Russian-Belarusian journalist and academic (1885–1922)

Aliaksandar Burbis (8 October 1885 – 20 March 1922), better known as Aleś Burbis, was a Russian-Belarusian journalist, historian, political figure, actor, director, and ethnologist. He was a founder of Belarusian theatre. He served as the first Chairman of the Belarusian Rada of the Belarusian Democratic Republic.

== Early life ==
Aliaksandar Burbis was born in Vilnius, Lithuania. He studied at Vilnius Gymnasium.

== Career ==
He served as Chairman of the Belarusian Rada of the Belarusian Democratic Republic.

He was an opinion journalist in Lithuania, then a historian (mostly of the Russian Empire), a theatrologist and an Ethnologist in Minsk. He authored studies on economic geography, history, ethnography, agriculture, and banking.

He was a cofounder of the Belarusian Socialist Society (BSG), and a member of its Central Committee. In January 1906, he declared the Republic of Belarus (the "Meyshagol Republic") in the Meishagol parish of the Vilna district. In 1906, the Society organized mass farmer strikes. He organized strikes in the Nowograd region and in Minsk, where he also led work on forming trade unions. On 24 August 1906, Burbis was arrested in Dolnaya near Shchorsau in the Navahrad Region (he had a passport in the name of Henry Bukhovetsky). He remained in prison until the middle of 1909, falling ill with tuberculosis. After his release, he worked in the Vilna Agricultural Society. Via his initiative, on 12 February 1910, the First Belarusian Party was held in Vilnius.

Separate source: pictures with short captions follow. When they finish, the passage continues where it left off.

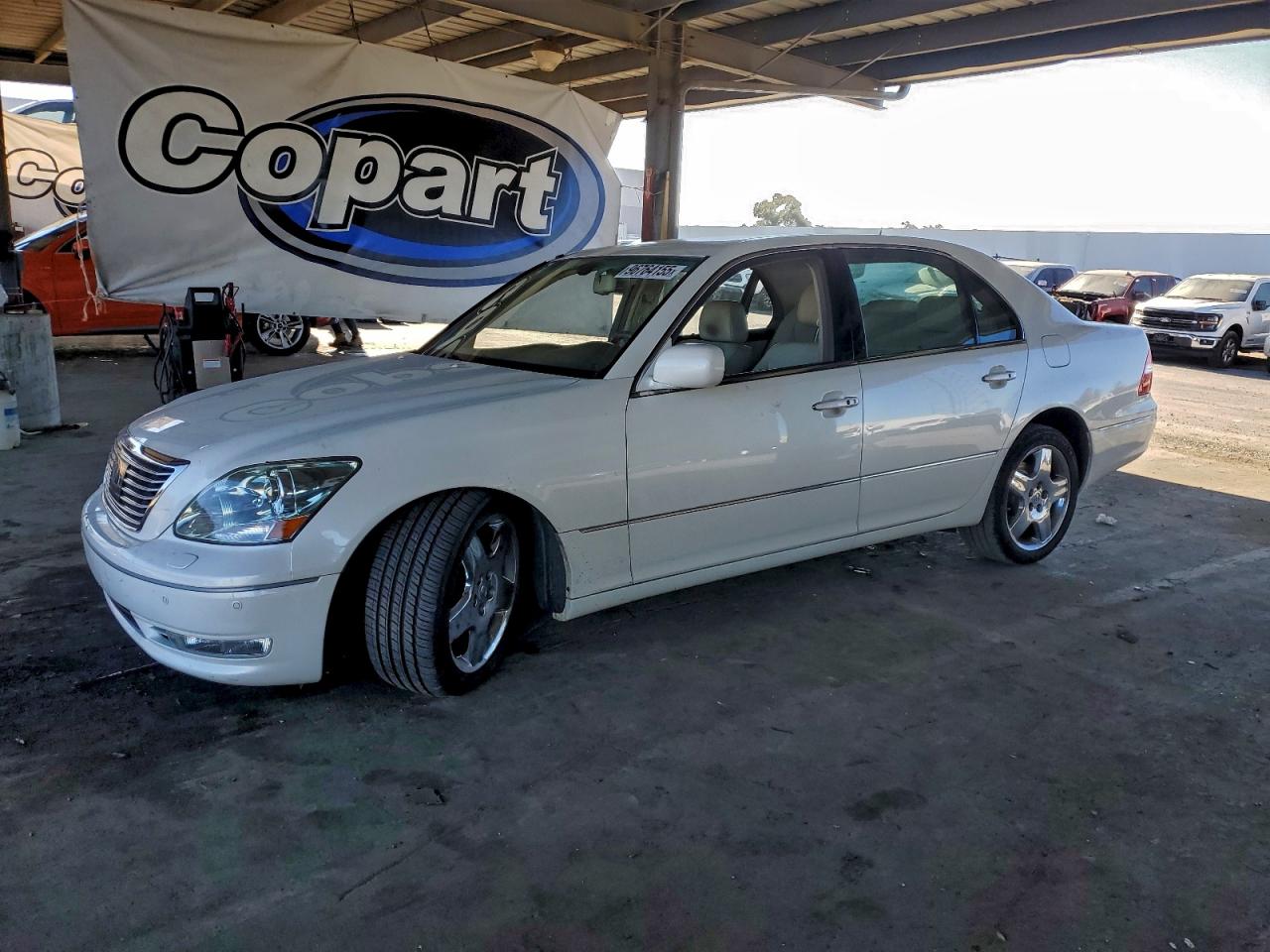 2005 LEXUS LS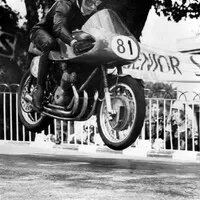 Surtees se toho za řídítky rozhodně nebál – MV Agusta 500 – Tourist Trophy, Man 1956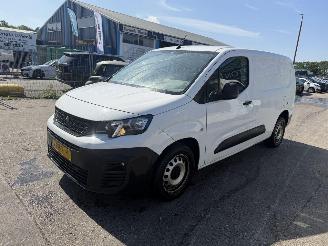 krockskadad bil bedrijf Peugeot Partner 1.5 Bluehdi 73KW Airco Navi Schuifdeur Premium Long NAP 2022/3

Burbis moved to Moscow (1915), where he began working at the People's Bank. He was the creator and chairman of the Moscow organization of the BSG (1917). He was a participant in the Congress of Belarusian National Organizations (Minsk, March 1917). He was twice arrested in Moscow by Soviet authorities (1917, 1918). Burbis then became consul of the Belarusian People's Republic in Moscow (1918). He became a member of the People's Commissariat of Agriculture of the Lithuanian-Belarusian SSR (May 1919). He served as an editor of Soviet Belarus in Smolensk. He authored a memo to the Central Committee of the RCP(b) (14 January 1920), similar to the "Statement of the 32nd". The note was accompanied by an appendix on the creation of an exemplary Belarusian Soviet Republic that contained information about the historical past, political and social order of Belarus, the first steps of the Soviet government in the republic, and made critical remarks in connection with the mistakes made in the implementation of the national-state policy by the leadership.

He served as Deputy People's Commissar of Foreign Affairs of the BSSR (1921). He was one of the organizers of the Red Cross Society of the BSSR. He was a member of the Marchlevsky Commission on issues of the Peace of Riga. He was a member of the Central Committee of the BSSR (1921–1922). He participated in the development of the treaty between the BSSR and the RSFSR. He joined the Communist Party (1921).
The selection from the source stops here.